---------- DATA PROVIDED
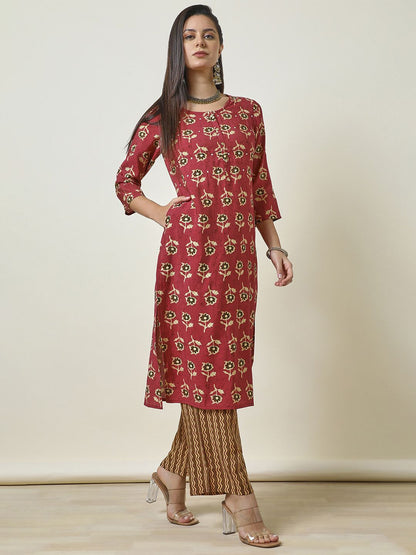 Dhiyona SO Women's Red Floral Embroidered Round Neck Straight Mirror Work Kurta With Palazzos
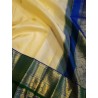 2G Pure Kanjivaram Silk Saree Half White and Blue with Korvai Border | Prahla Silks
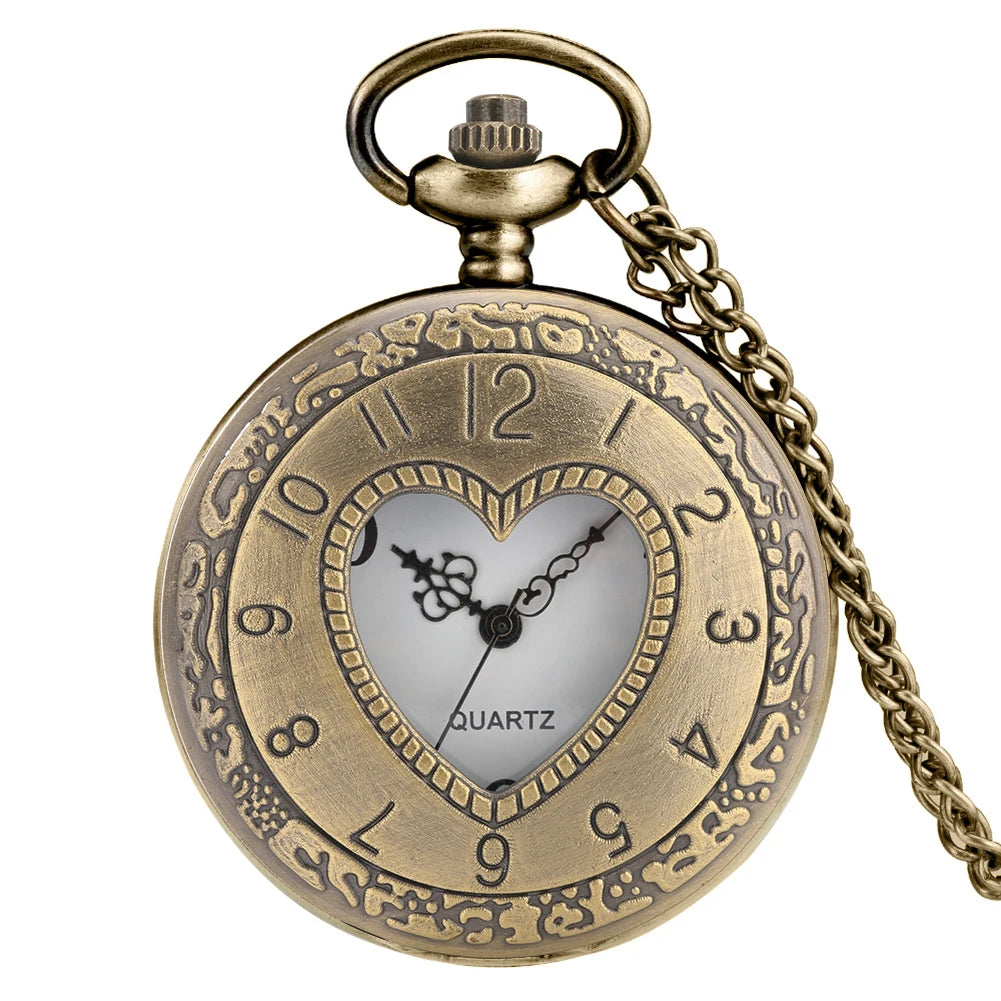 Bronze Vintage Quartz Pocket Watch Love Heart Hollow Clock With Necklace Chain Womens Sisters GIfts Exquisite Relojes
--------------------
WORK REQUIRED: Reproduce the data in full. Do not carry over any picture.

RESPONSE TO THE EXERCISE:
 Dhiyona SO Women's Red Floral Embroidered Round Neck Straight Mirror Work Kurta With Palazzos
 2G Pure Kanjivaram Silk Saree Half White and Blue with Korvai Border | Prahla Silks
 Bronze Vintage Quartz Pocket Watch Love Heart Hollow Clock With Necklace Chain Womens Sisters GIfts Exquisite Relojes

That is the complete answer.